Ensuite, se demander moins ce qu’on peut faire que ce qui se fait de lui-même : qu’est-ce qui advient ? Cette question est étrangère à la modernité, tellement nous nous sommes habitués à nous voir exclusivement comme à l’origine des faits de l’histoire. Or, tous sujets politiques, même occidentaux, doivent composer avec des contingences étrangères à la volonté humaine. Pour nous du xxie siècle, ce qui advient par « la force des choses », dixit Hannah Arendt, plutôt qu’en raison d’une délibération politique souveraine, se présente sous la forme de trois crises concomitantes : crise écologique majeure portant notamment sur le réchauffement climatique, l’érosion des sols, la réduction des forêts et l’extinction massive des espèces, dont nous commençons seulement à mesurer l’impact ; raréfaction des sources énergétiques faciles d’accès et garantes d’approvisionnement abondant; et épuisement des gisements miniers. Ces facteurs cumulés rendent impossible la croissance industrielle et financière sur laquelle repose le capitalisme et se révèlent des conditions de possibilité d’une révolution plus favorable encore à une révolution que tout mouvement prolétarien.
Que faire, donc ? Dans ce contexte, accompagner le capitalisme dans sa chute, envisager une réconciliation des sujets politiques avec le vivant dans le cadre de souverainetés régionales encore à faire, développer des savoir-faire pertinents au vu du siècle qui s’annonce, lire des ouvrages structurants.
La pandémie ne nous a-t-elle pas montré avec acuité la distinction entre « les utiles » au système et « les inutiles » ?

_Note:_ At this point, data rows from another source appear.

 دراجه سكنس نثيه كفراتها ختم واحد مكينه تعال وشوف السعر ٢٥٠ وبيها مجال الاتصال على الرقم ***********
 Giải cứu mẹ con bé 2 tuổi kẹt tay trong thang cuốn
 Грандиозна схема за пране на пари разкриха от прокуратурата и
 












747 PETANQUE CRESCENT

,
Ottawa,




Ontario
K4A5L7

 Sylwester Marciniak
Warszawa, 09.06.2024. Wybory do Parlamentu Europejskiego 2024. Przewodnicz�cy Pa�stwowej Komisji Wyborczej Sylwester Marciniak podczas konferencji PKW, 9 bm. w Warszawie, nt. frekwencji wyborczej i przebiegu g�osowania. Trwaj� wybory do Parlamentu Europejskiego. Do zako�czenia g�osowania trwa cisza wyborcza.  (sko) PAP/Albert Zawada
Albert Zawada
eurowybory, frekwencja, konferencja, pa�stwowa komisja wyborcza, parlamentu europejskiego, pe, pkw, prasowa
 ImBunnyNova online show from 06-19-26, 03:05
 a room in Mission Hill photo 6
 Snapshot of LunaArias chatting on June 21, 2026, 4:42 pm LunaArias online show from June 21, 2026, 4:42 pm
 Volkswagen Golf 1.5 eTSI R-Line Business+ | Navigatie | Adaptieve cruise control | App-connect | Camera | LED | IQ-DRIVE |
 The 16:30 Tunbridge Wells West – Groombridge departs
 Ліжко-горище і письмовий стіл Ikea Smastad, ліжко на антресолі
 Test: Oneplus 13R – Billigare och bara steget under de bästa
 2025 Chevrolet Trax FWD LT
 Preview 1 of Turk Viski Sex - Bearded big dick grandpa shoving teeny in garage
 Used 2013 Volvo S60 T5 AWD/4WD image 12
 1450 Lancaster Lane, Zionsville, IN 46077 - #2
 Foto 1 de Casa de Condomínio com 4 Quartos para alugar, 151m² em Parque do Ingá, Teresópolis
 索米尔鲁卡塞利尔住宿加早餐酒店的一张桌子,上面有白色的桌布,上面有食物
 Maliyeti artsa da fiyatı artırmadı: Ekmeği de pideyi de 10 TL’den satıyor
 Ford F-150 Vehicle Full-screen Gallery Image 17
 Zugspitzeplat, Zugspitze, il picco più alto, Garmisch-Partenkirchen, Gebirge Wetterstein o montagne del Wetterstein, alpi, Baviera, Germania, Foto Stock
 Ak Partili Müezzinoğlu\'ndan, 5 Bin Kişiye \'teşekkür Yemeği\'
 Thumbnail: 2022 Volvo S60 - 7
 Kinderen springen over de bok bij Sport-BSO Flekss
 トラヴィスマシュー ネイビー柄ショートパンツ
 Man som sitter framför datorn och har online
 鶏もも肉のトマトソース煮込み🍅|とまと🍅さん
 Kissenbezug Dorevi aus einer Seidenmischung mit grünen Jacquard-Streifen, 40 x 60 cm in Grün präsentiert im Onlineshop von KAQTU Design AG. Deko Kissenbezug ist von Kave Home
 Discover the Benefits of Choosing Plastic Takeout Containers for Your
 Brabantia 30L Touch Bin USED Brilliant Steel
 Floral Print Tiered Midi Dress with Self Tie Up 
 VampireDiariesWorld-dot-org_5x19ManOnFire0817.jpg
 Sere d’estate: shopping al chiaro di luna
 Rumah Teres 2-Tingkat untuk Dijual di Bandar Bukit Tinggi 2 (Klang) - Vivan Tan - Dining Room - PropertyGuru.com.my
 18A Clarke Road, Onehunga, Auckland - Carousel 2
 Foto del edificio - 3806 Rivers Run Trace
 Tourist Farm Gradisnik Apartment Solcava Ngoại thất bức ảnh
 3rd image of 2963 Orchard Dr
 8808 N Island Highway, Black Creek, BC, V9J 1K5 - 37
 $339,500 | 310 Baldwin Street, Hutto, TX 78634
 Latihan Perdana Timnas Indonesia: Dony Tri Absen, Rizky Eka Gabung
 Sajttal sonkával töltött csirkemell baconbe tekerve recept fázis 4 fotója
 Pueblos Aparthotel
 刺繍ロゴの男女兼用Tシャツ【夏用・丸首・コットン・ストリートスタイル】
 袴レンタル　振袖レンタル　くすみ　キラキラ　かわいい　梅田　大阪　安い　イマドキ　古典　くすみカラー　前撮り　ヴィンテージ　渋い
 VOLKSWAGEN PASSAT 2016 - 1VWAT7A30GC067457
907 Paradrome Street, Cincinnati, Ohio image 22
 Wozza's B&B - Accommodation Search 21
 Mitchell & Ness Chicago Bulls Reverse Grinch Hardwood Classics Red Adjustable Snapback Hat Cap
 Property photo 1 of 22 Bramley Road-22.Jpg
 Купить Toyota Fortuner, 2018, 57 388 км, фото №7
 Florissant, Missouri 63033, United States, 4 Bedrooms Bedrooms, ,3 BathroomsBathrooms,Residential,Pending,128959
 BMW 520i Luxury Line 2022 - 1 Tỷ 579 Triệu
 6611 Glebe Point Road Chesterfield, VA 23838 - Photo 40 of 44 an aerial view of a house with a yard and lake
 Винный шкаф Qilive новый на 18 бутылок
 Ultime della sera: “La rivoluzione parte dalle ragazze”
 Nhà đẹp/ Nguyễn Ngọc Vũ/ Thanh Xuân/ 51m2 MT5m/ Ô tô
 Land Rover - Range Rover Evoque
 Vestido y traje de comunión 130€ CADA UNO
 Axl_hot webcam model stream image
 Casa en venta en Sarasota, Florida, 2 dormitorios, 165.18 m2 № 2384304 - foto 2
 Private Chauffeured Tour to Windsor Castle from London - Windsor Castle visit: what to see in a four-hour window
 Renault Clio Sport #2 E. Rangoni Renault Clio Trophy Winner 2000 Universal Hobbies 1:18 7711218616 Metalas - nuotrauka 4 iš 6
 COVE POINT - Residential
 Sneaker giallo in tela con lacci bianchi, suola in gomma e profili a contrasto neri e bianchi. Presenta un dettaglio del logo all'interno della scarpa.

On peut dire en peu de mot que cette crise sociale permet de voir au grand jour la veulerie et l’incompétence de celles et ceux qui se sont présentés comme capables d’administrer intransitivement, c’est-à-dire dotés d’une certification leur permettant prétendument de gérer littéralement quoi que ce soit, d’administrer des structures indépendamment des activités qui les concernent. Leurs méthodes, appliquées de la même façon dans une usine de voitures ou dans un hôpital, dans un service des ventes comme dans une université ou un théâtre, relèvent de formules élémentaires impropres à rendre compte de la complexité du monde. Le philosophe du management Omar Aktouf a eu raison de dénoncer ces « décérébrés » du Problem Solving à une époque où ces acteurs sociaux avaient la cote. Aujourd’hui, toutes ces trousses de résolution de problèmes se heurtent au récif de la complexité, et ne sont capables d’aucune spiritualité dans un monde où les enjeux cessent d’être strictement administratifs.
Dans votre feuilleton théorique, L’économie de la nature[2], il me semble que le moment où le sens du mot économie bascule, d’un sens qui englobe un certain équilibre du vivant vers un sens où il y a rupture avec cet équilibre au bénéfice des nantis et des puissants, nous vient de la victoire de la définition de François Quesnay sur celle de Carl Von Linné[3]. Est-ce un problème d’autorité (lié à la démocratie libérale naissante) ? Est-ce un problème de désenchantement ? Est-ce inhérent au rationalisme des Lumières ?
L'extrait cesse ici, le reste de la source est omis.